**Provided data:**
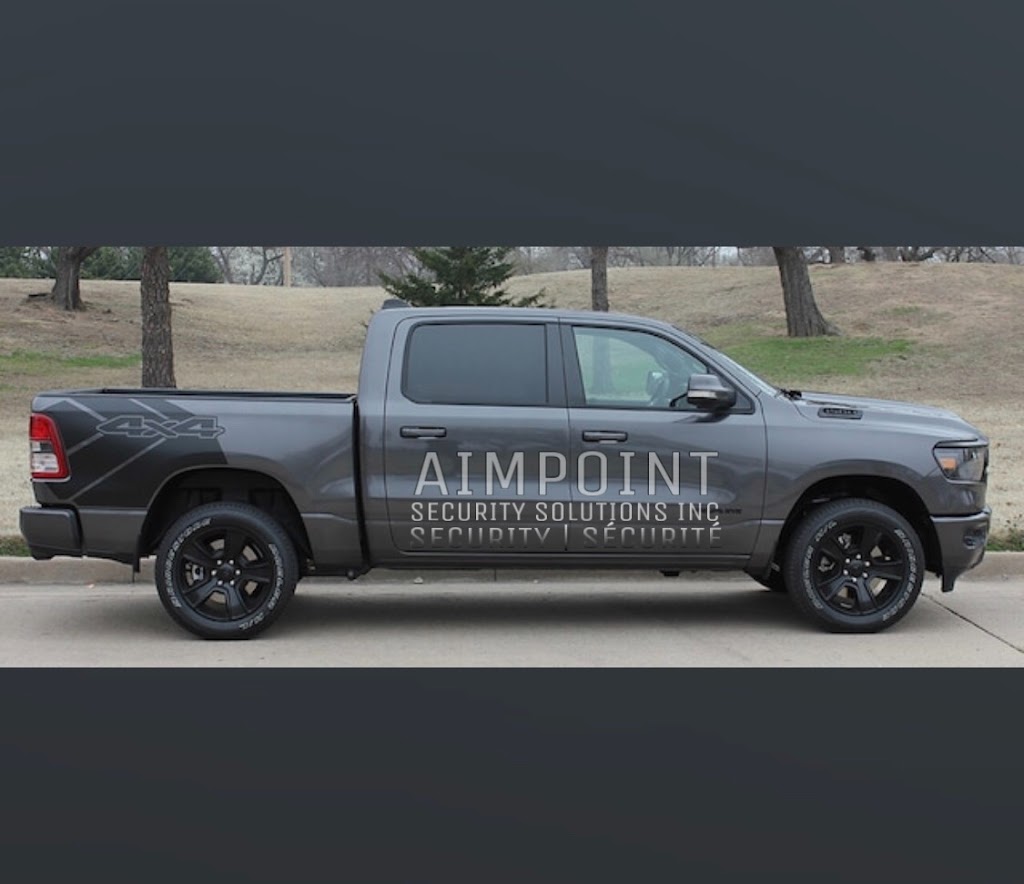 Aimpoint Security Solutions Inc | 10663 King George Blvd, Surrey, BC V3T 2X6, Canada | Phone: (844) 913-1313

==

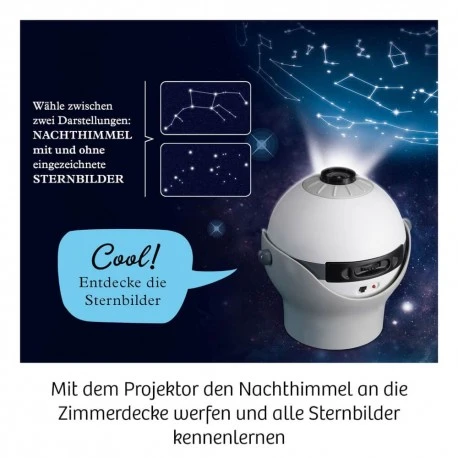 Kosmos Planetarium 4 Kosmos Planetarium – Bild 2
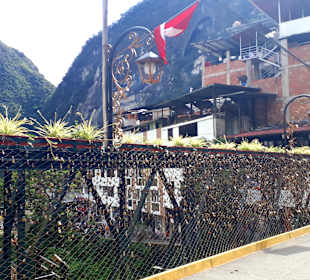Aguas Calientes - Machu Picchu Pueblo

**The problem:** Nothing outside the stretch above, from the line with "Kosmos Planetarium 4" through the line with "Aguas Calientes - Machu Picchu Pueblo", is set down. Transcribe that stretch exactly, ends included, but not its pictures.

**Your solution:**
 Kosmos Planetarium 4 Kosmos Planetarium – Bild 2
Aguas Calientes - Machu Picchu Pueblo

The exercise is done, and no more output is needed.